Ignacio Martínez de Pisón se ha decantado en sus libros por un realismo galdosiano

Enrique Vila-Matas

Pasaba antes y me dicen que sigue ocurriendo. Todos sus amigos saben que si es de noche y Pisón anuncia que se va, no hay nada qué hacer, se va seguro en el siguiente segundo. Es implacable, tremendamente inflexible. Parece que tenga los minuteros parados a las tres en punto de la noche, porque esa es la hora en la que suele decir que se va y, en efecto, se va. Por eso siempre que le vemos, aunque haga sólo un segundo que haya llegado, ya estamos pidiéndole que se quede.

Habría sido un narrador aunque hubiera nacido en cualquier otro rincón. Porque es un narrador nato, lo que significa que lo habría sido aquí y en la Conchinchina, lugar que también ha visitado. ¿Y qué es exactamente un narrador nato? Alguien que tiene muy buena memoria y confía en que los demás no la tengan. Pisón trabaja con ella. Es buen lector de Baroja y Marsé, entre tantos otros. Y en los últimos libros, en sus piezas mayores (Enterrar a los muertos, Dientes de leche, El día de mañana y La buena reputación) se ha decantado decididamente por un realismo galdosiano innegociable. Ya cuando en 2003 publicó El tiempo de las mujeres proclamó en diversas entrevistas que, después de tantos años, había descubierto que era un escritor realista y eso le encantaba. Y decía también que las suyas eran “novelas del nosotros, no del yo”. Para él, indagar en los demás también era hacerlo de algún modo en uno mismo: “Si sólo te interesa lo tuyo como escritor, estas confundido: no debes escribir sino irte al psicólogo”.

Con semejantes declaraciones de principios, sucede exactamente lo mismo que con sus minuteros parados a las tres en punto: ¡cualquiera se lo discute!

Desde hace un tiempo, hay historias que le importan más que otras, pues ha acotado ya un territorio que limita con la España de los años sesenta y setenta y con familias de clase media que, como ocurre en casi todas, han perdido a alguien: “Me gusta retratar esa clase social; Galdós fue el último escritor de la clase media; yo, a diferencia de él, tiendo a exculparles”.
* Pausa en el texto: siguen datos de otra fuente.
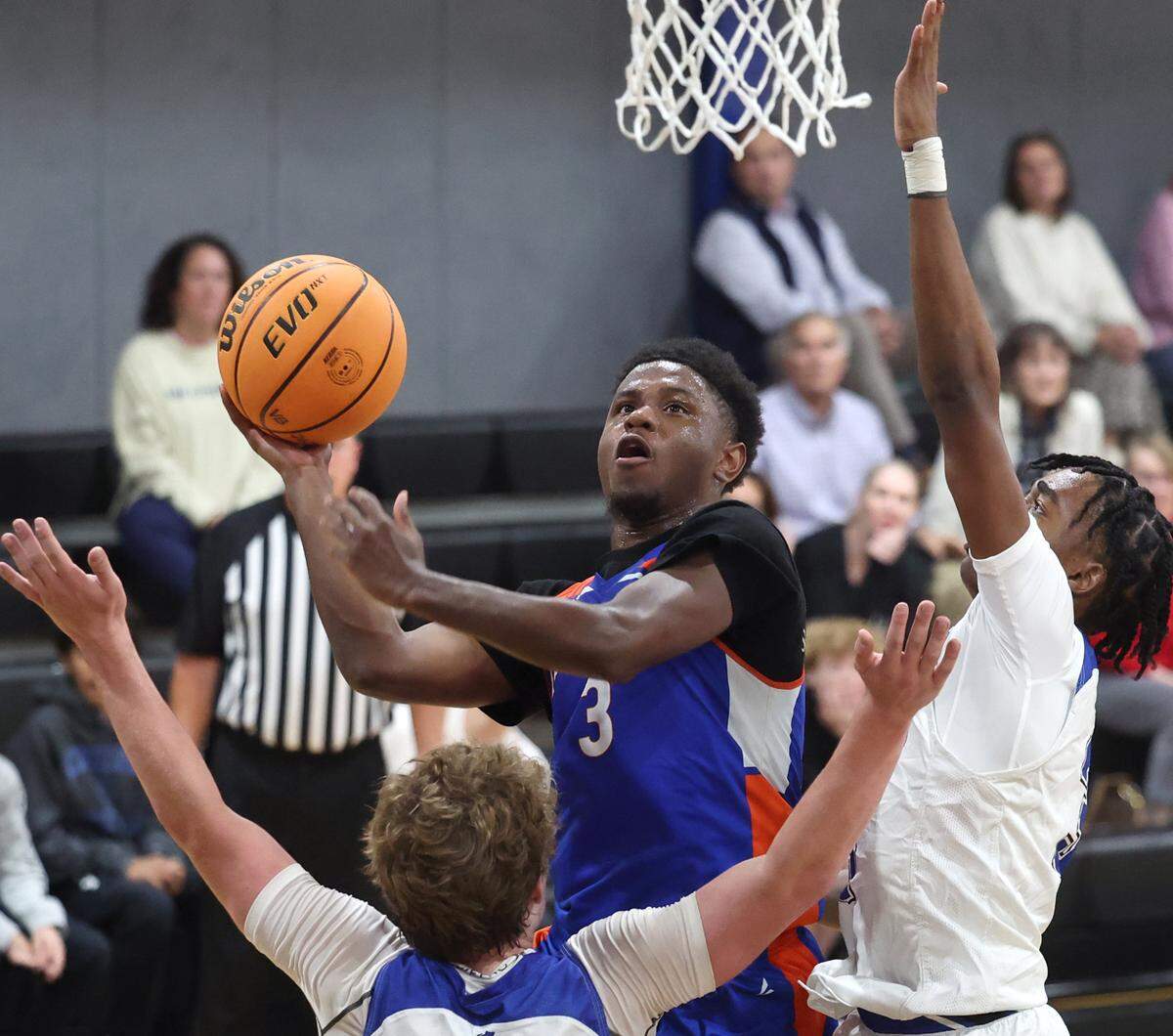 Lake Norman Christian’s Isaiah Frierson, center, drives to the basket during action against Charlotte Christian on Tuesday, November 12, 2024.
Al pensar en el tema de las familias y en el de la monstruosidad de toda herencia, he recordado que Rilke decía que, por distracción y por errores heredados, nos perdemos casi enteramente las innumerables riquezas de aquí que nos han sido destinadas. Y creo que llevaba toda la razón. Nosotros sólo conocemos seres que han luchado desesperadamente por zafarse de los errores y malentendidos heredados y abrirse camino en el hondo fatalismo de tanto espanto del pasado. Dicho de otro modo, siempre ha habido herencias de mala sangre y equívocos en las cosas y los gestos familiares, y esas herencias y errores heredados hemos de saber que serán —si no lo han sido ya— nuestra ruina más completa. Sobre esto, con signos a veces de esperanza, trabaja Pisón.
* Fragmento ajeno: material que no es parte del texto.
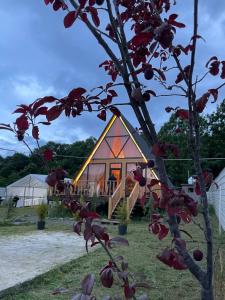 una casa con un árbol delante de ella en A Frame Lankaran, en Lankaran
Un escritor amigo. Con él siempre se confirma que las mejores amistades, las más duraderas, se basan en la admiración. Aunque sin duda, para que lo amistoso se contemple como un sentimiento sagrado, es necesario que haya esa admiración mutua que encierra en su área el respeto hacia el otro, por distinto que éste sea; un respeto fundamental para que todo circule entre iguales.
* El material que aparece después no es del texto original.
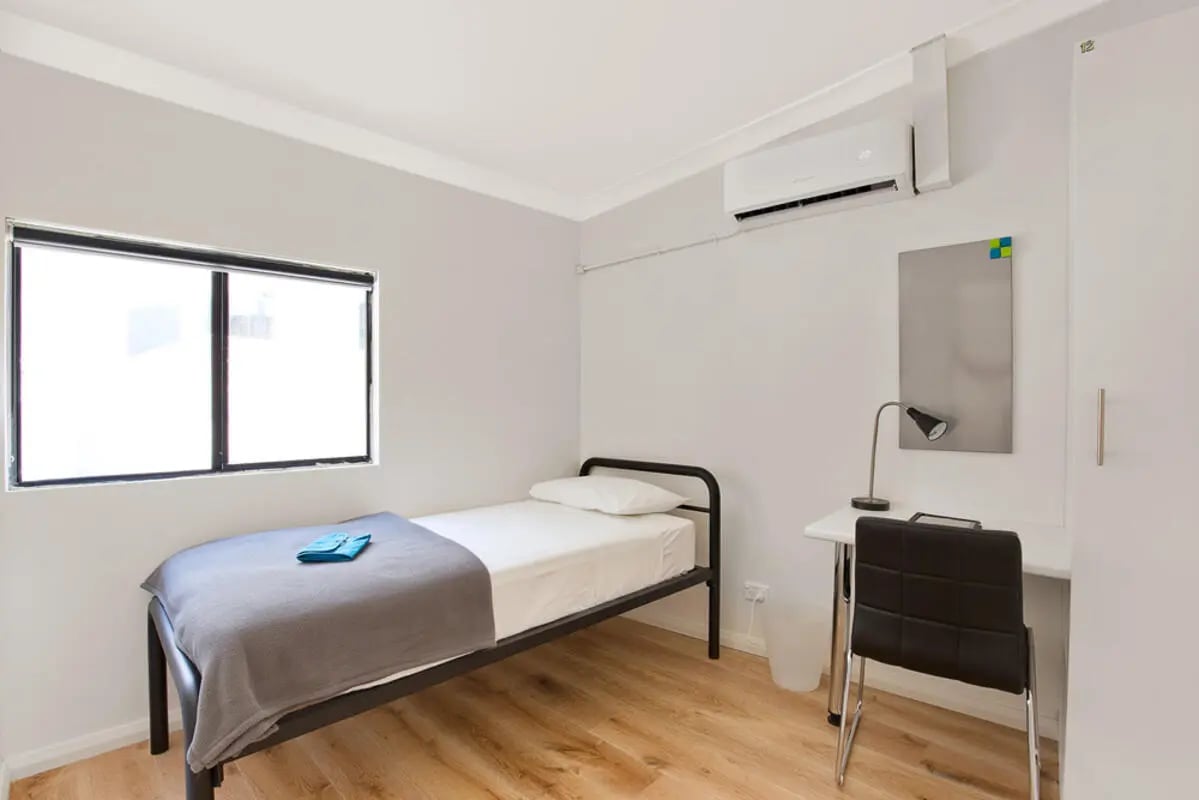 Bed desk chair and air conditioner bedroom at Link2 Central in Sydney Student Accommodation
Quizás la palabra más exacta no sea pues admiración, sino tener en alta estima al otro. Porque si el otro no nos merece mucha consideración, no puede ser nuestro amigo. Se admira o respeta a alguien por lo que hace, por lo que es, por cómo se las arregla para andar por el mundo. Esa admiración, que en realidad es profundo respeto, vino a decirnos Montaigne, lo ennoblece al amigo, lo realza ante nuestros ojos, lo eleva a una posición que nosotros —si, nosotros— entendemos que es superior a la nuestra.

Por dios, que se quede.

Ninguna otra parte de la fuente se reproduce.